Today, January 22, 2021, the United Nations Treaty on the Prohibition of Nuclear Weapons (TPNW) goes into effect. Having been ratified by fifty sovereign nations around the globe (the fiftieth nation triggers it going into effect), last month 130 member nations voted in favor of a UN resolution that endorsed the treaty; some of those nations have also begun the ratification process. The TPNW places nuclear weapons under the same global ban that every other weapon of mass destruction is already under. It is hardly a radical idea, this notion that no one should possess weapons that have as their very purpose indiscriminate, wanton destruction, and unimaginable suffering. Except.
The US has resisted, opposed, and sought to undermine the TPNW since its introduction. This can hardly be laid at Trump’s feet, although his Ambassador to the UN, Nikki Haley, had the immoral audacity to hold a press conference in March 2017, directly outside the room where treaty negotiations were beginning, so she could voice official U.S. disdain for the treaty and question whether the nations seeking to ban these weapons of unfathomable mayhem and chaos were really “looking out for their people.” Right through this past fall the U.S. was actively pressuring other nations to withdraw their treaty ratification.
To be fair, though, the Obama administration stalwartly opposed the TPNW from its inception in 2010. In October 2016, six months before official negotiations were set to begin, the US issued a public statement to the UN asserting that a treaty banning these last “allowable” weapons of mass destruction would “undermine … long-standing strategic stability.” And there’s the profound immorality of nuclear weapons in a nutshell: that we have built a world of “strategic stability”—and inseparably joined it an ongoing apocalyptic threat of death and destruction over humanity. Inseparably at least in the minds of our most seasoned politicians.
This is only a seeming moral conundrum; it collapses into moral contradiction the moment we map it out. Deterrence only deters if the threat is believable. Meaning deterrence only works if our willingness to act with near infinite immorality is convincing. Can we really imagine no better world than this?
Most of us live out our live far removed from the nuclear chain of command or delivery. But all of us—at least all of us who live in nuclear-armed democracies—we live out our lives under the shared agreement that we are okay with an imminent threat of atrocity as the day-to-day price of our normal. As of today, the TPNW declares that price as unacceptable.
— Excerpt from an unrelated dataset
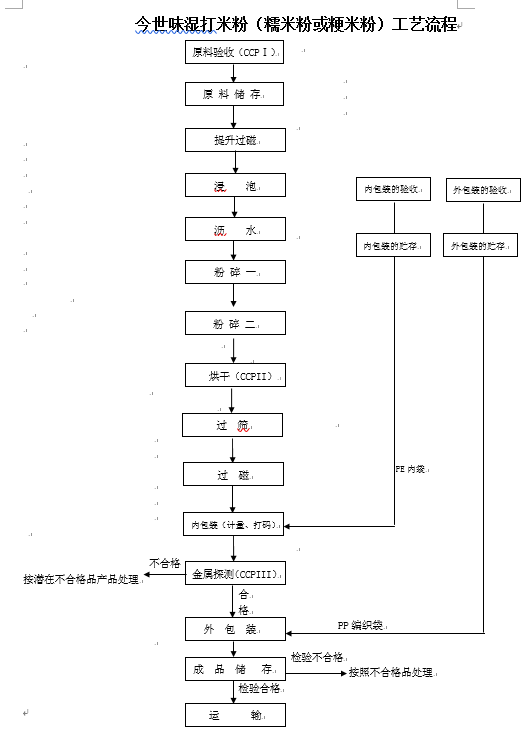 湿打糯米粉工艺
Is our world a web of complex and dangerous international intrigue? Yes. But is our world also a web of complex and fragile, awe-inspiring and life-sustaining beauty? Yes. More than yes. Because this ‘yes’ frames the only door that leads to a livable future.
Our present politics, all diplomatic flattery aside, deems domination (or the threat thereof) as the hard truth in which diplomacy unfolds. This rests on a fundamental falsehood: the declaration of disconnection. That, at the end of day—and, really, all the damn day long—we are disconnected. Us. Them.
But the simple unassuming truth is connection. From cosmic scale to nanoparticle. We are them. They are us. This is why every religion holds among its core principles compassion. Often cheapened by the phrase “the Golden Rule”—wording that still pays tribute to a domination model, this truth would be better described as the Heart Song of the Cosmos. Compassion is not some burden we must bend ourselves to, it is that great joy—perhaps the only full joy—to which we give ourselves in both labor and delight.
The TPNW itself doesn’t speak of compassion. Not directly. It does, however, speak of the risks and consequences, both humanitarian and catastrophic. It speaks of ethical imperatives and the global public good. And it aligns itself with other international efforts and treaties that aim to foster conditions in this world under which greater peace and justice might be experienced by all people. It then lays out a carefully considered program for how to move toward that world by eliminating nuclear weapons—every last one of them. And whatever political will is needed to do so, it will be nourished and strengthened by compassion.
I don’t imagine the path to a world free of nuclear weapons will be travelled quickly. There is a trillion dollar industry counting on building the next generation of hell-in-weapons as their preferred means of profit. There are regimes still eager for their turn at wielding a bit of nuclear weaponry of their own (such a small, foolish, self-defeating notion of “power,” but one that the family of nuclear nations still feeds). And there are both totalitarian states and rogue actors who might wish to use nuclear threats to their advantage. Honestly, the only defense that offers real security in the face of these threats is one that deepens our embrace of our fundamental connection to one another … and to Earth itself.
So, no, it won’t be a quick, easy, or comfortable trek. But with the TPNW now taking effect, that journey begins in earnest today. God forbid that we not place our feet on the path. President Biden already pledged as a candidate (last August, on the 75th anniversary of the US bombing of Hiroshima) to work toward a world without nuclear weapons. Earlier, both as a Senator and as Vice President, he voiced similar convictions. Now, as President, he has the opportunity to act.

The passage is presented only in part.